Data to use:
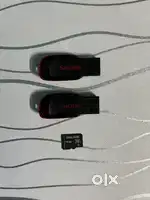 Pendrive & SD card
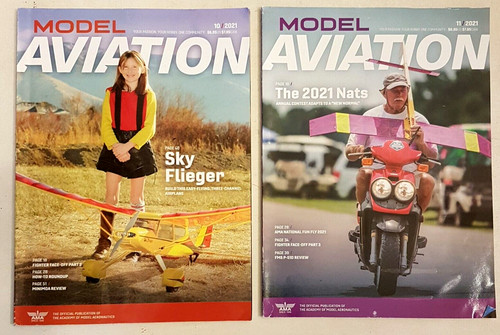 Model aviation magazine oct - model, &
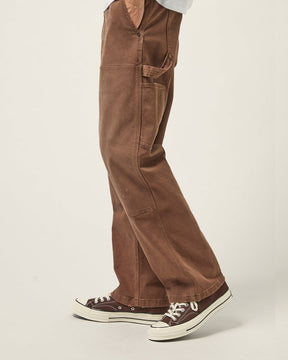 Carpenter Jean in Brown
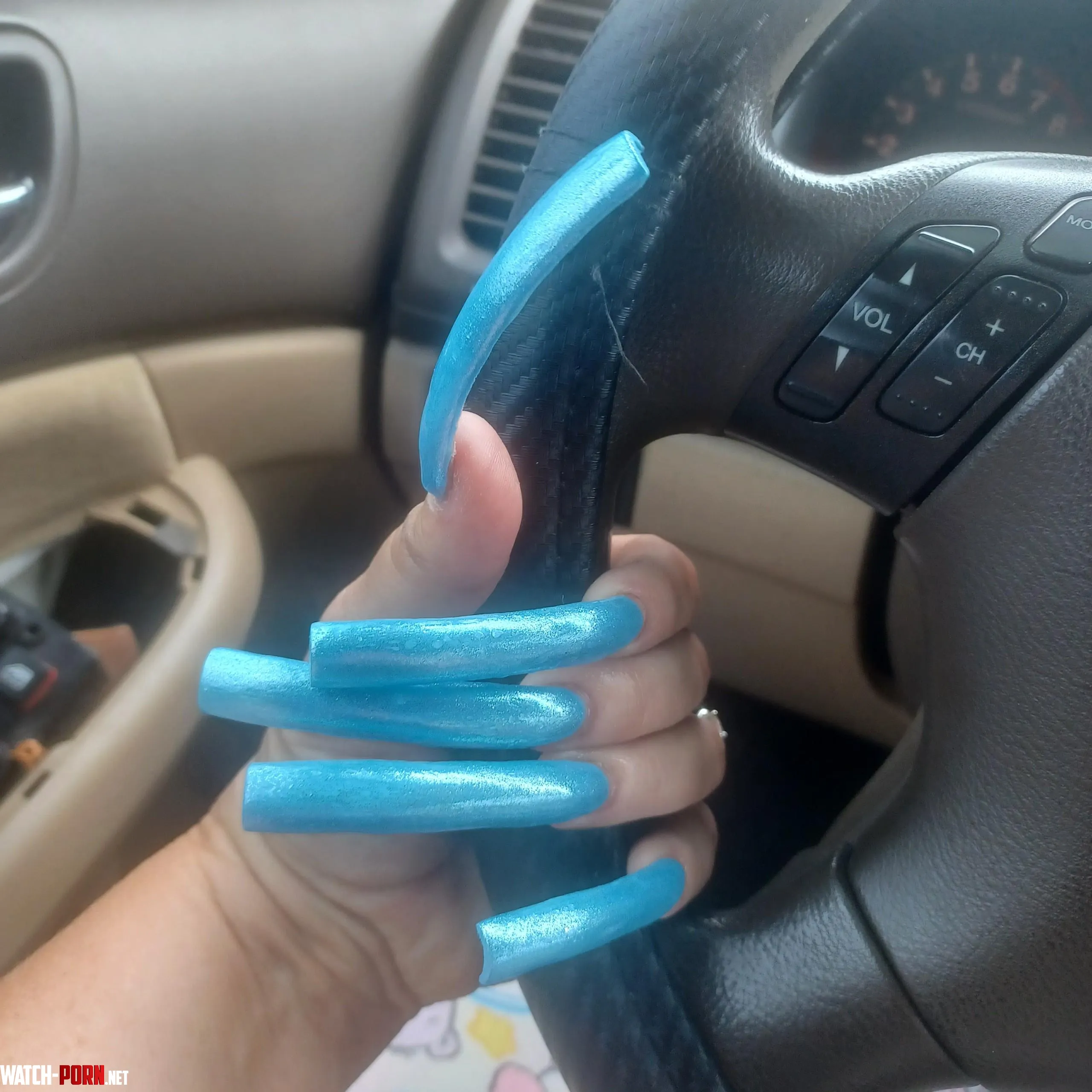 ICE BLUE! by Longnailqueen77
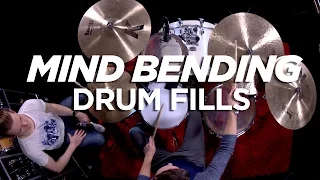 Metric Modulation | 9 Mind Bending Drum Fills | Lesson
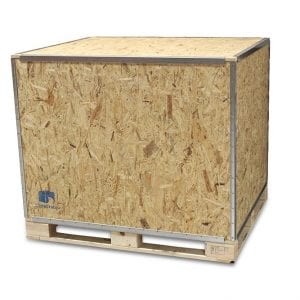 48x48x48 Wood Shipping Crate • ISPM-15 Certified - SharkCrates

Problem: Give back, word for word, the lines from the one with "Metric Modulation |" to the end of the records above, and no pictures.

Task output:
 Metric Modulation | 9 Mind Bending Drum Fills | Lesson
 48x48x48 Wood Shipping Crate • ISPM-15 Certified - SharkCrates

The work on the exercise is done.